La traduction est donc un exercice d’une rare difficulté, car seul un auteur connaissant aussi intimement la langue de son traducteur que celui-ci serait à même de juger son travail. Rare difficulté non pas tant par la gymnastique intellectuelle qu’il exige (bien des métiers en demandent sans doute autant) que par la nécessité d’être juge et partie : le traducteur est seul à pouvoir critiquer ses choix, même s’il est aidé pour cela par un responsable éditorial scrupuleux : celui-ci ne peut que lui donner des indications générales, pas entrer dans l’intimité d’un texte – ce qui est précisément le travail du traducteur. Celui-ci est d’ailleurs, par la force des choses, le plus impitoyable des lecteurs ; au cours de son travail, comme il doit tout élucider, il relèvera toutes les faiblesses, les approximations, les ficelles et les petites erreurs dont même les meilleurs textes sont émaillés ; et quand il a la chance de pouvoir en parler à l’auteur, celui-ci, toujours un peu déconfit, concède que oui, il y a ici ou là quelque chose qui ne tient pas la route…

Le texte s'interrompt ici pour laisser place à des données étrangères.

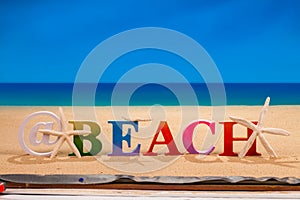 @beach written in colorful wood letters at the beach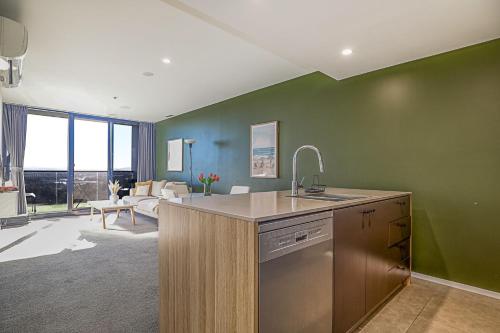 a kitchen with a sink and a living room at Lakeview on Grazier in Belconnen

On peut donc interpréter ainsi la provoc de Dauzat : ayant à traduire un texte déjà traduit d’une pensée, nous traduisons quelque chose dont en réalité nous ignorons tout : cette pensée de l’auteur qui a donné naissance au texte.
« J’ai connu des écrivains, écrit Cioran dans Aveux et Anathèmes, obtus et même bêtes. Les traducteurs, en revanche, que j’ai pu approcher étaient plus intelligents et plus intéressants que les auteurs qu’ils traduisaient. »[3] Je suis traducteur, mais également auteur : suis-je bête en tant qu’auteur, plus intelligent en tant que traducteur ? Sous la boutade provocatrice de Cioran – qui était lui-même auteur – je crois que se cache l’idée que le travail du traducteur demande un énorme et minutieux travail de réflexion consciente que l’auteur, lui, n’a pas à faire ; qui risquerait même de stériliser son travail s’il avait la mauvaise idée de le faire (on connaît des exemples de texte rendus illisibles tant leur auteur s’est, en quelque sorte, « regardé écrire »). L’obligation dans laquelle est le traducteur d’élucider le texte, c’est à dire de le saisir dans toutes ses dimensions, toutes ses allusions, tous ses non-dits – et bien entendu en évitant de tomber dans la paraphrase ou l’explication de texte – le contraint a furieusement se creuser la cervelle pour restituer non seulement ce qui est dit explicitement par l’auteur mais aussi ce que la façon dont il l’a dit sous-entend – sans qu’il (l’auteur) en ait forcément conscience lui-même. Faut-il préciser que nous nous trompons parfois, que telle ou telle allusion nous échappe complètement[4], que le contre-sens nous guette à chaque ligne et que nous sommes les premiers à avoir conscience de certaines faiblesses de nos solutions ?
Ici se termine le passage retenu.